I'm moving my tank to the most visible spot in my room so I want to add a few plants to it. Its a 10g with 2x 15 watt bulbs. What I'm looking for is a plant for the foreground 4-6 inches tall, also I want to find some short grass that roots well. Every time I buy the dwarf hair grass it uproots and gets sucked into my filter.

I previously had a sword for my foreground plant. I know the usually grow several inches but something about my tank kept mine about 5 inches with 6-8 leaves. If you know any plants that are about 5-6 inches and look similar to an amazon sword I would like to know. I would like to have some color so if you know of anything not green that fits the bill I would use one of those also.

In case it helps you think of of a good plant to go in my tank heres how I plan to do everything. 1-2 foreground plants, some dwarf hair grass set into a green sand dollar in the center of the tank, and on the left back side I will have a white fist sized chunk of white quarts surrounded by java moss, and finally on the back right side I will have several java ferns 2-4 inches each attached to a piece of petrified wood that looks like a mini tree trunk.

I would take a picture for you but my camera is missing for now.


----------



## Mr Aquarium (Jan 18, 2005)

Crypt Wentii is what your looking for, grows well in about any tank and conditions and lookes nice, would be a nice background plant for a 10g,
Might also try dwarf swords for a forground plant, they do stay a couple inches tall and are pretty cute.
Regular sword plants, like the amazon sword, just for thr record, will top at over 2' tall in the right cond.

Might have a look at the plants at Plankgeeks or some other plant site, 
gives you info what they need and grouth size n all that..
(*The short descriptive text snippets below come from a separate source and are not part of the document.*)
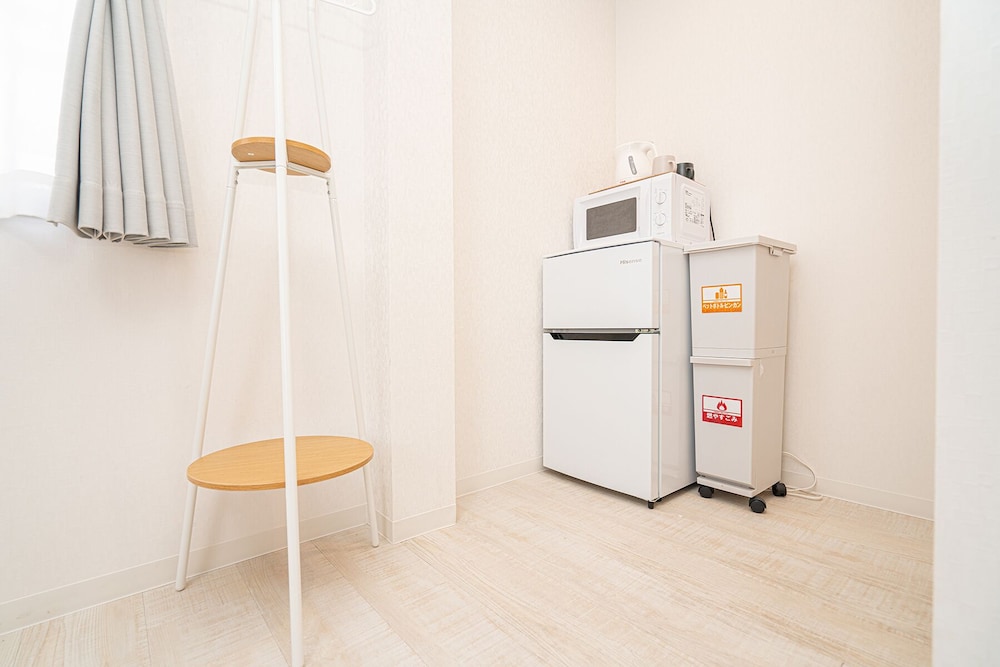 Junior Double Room (302) photo 2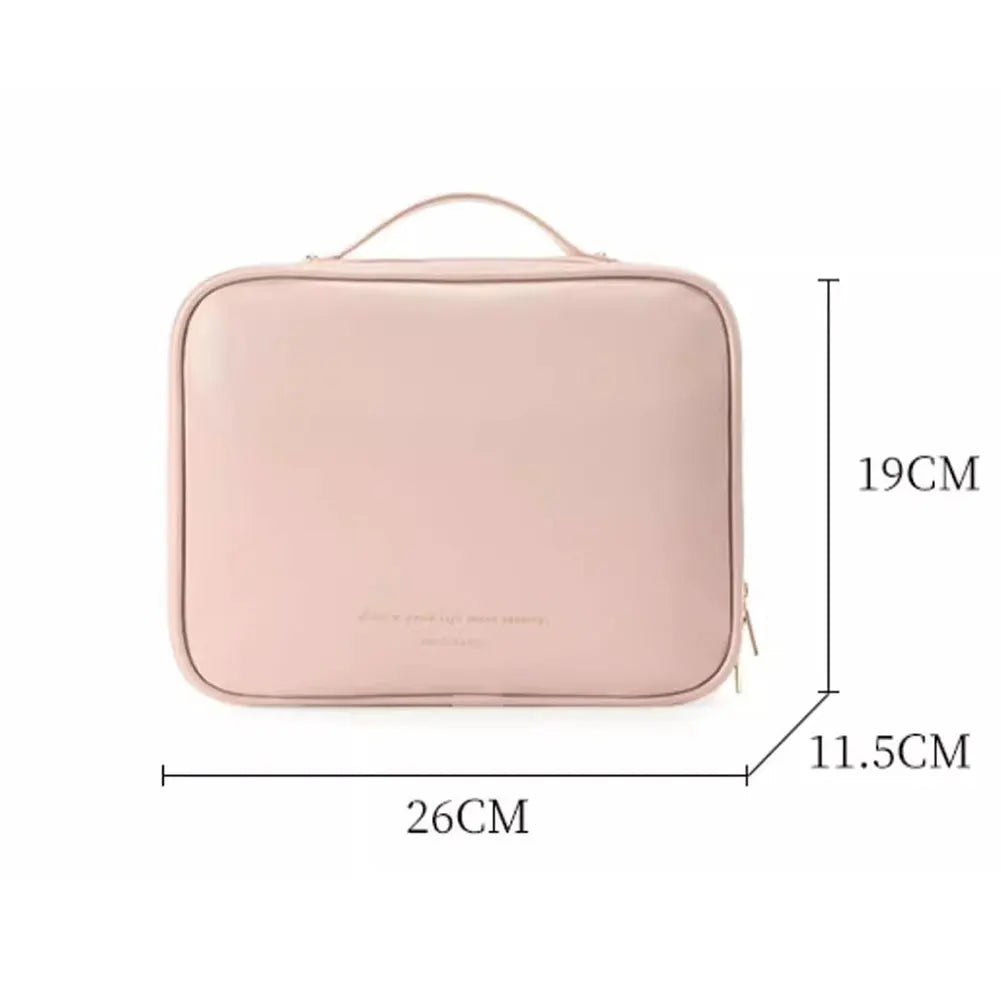 WanderCase - Elegant organizer for your toiletry bag [Last day sale] 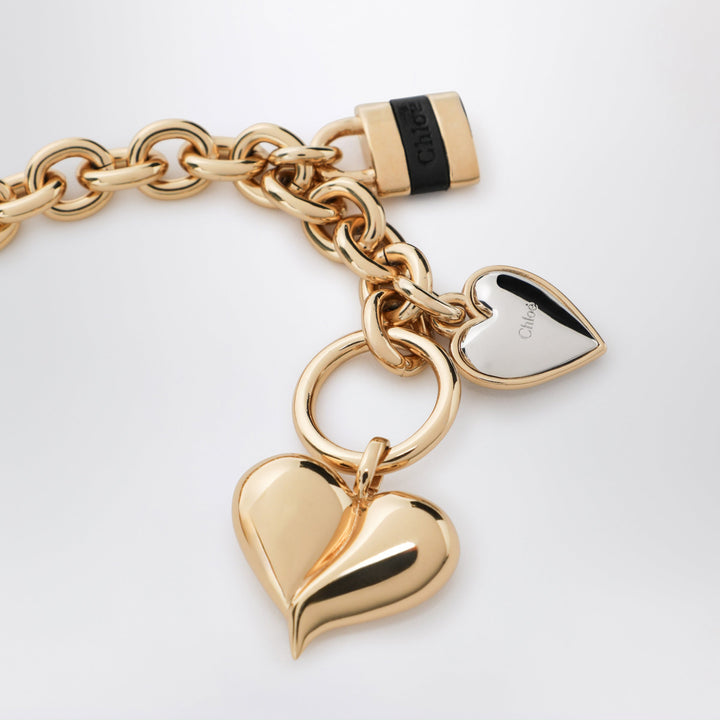 Chloé Gioielli - Metal | 3d7dd496e63a27ba90b71ac16b0d58d8b0bc128b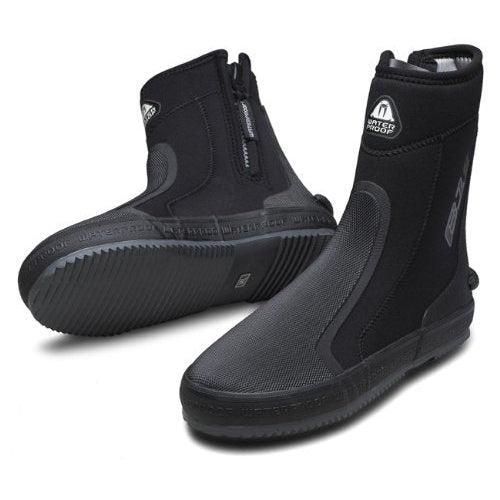 Waterproof B1 6.5mm Boots - Image 3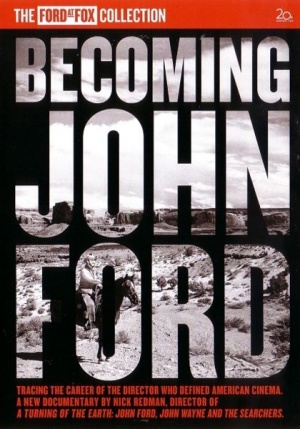 Becoming John Ford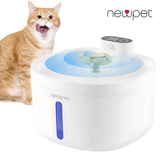 Fonte de Água para Cães e Gatos + Brinde Exclusivo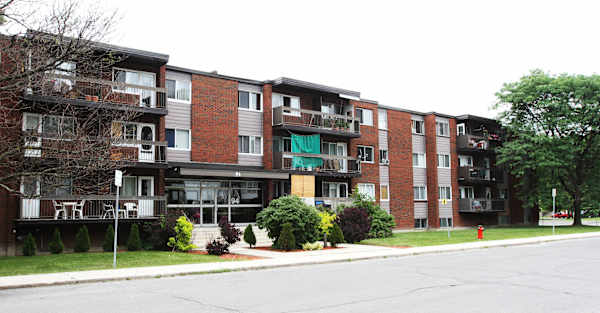 94 rue Jolicoeur property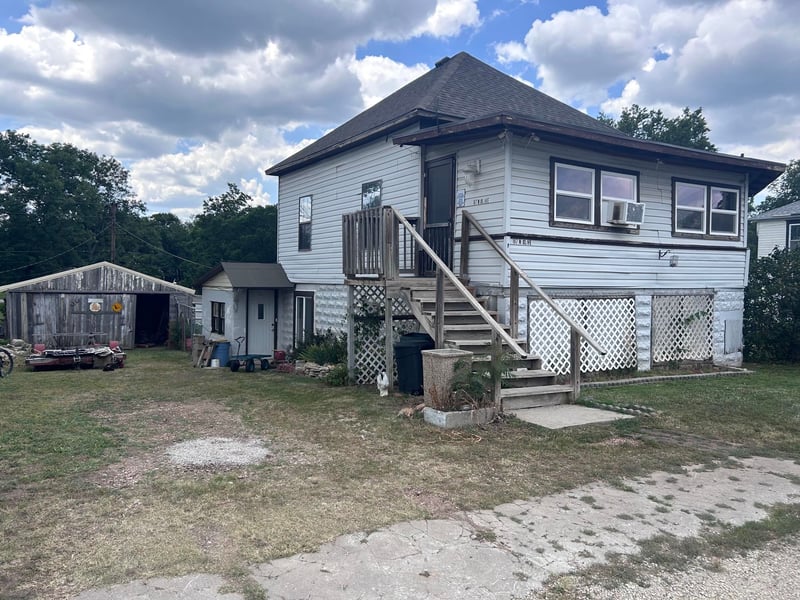 107 Olive St, Leon, KS 67074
Your sword was probably not getting enough foor source why it stayed small,
in my planted tanks, I hardly ever touch the gravel, with a vac or anything,
only time I disturb it is when I put root ferts in or thin something out.
I just sometimes vac across the surface around plants.


----------



## T4987 (Nov 25, 2006)

The crypts looks like it would be what I want I also found a grass like plant for the center of the tank micro sword.


----------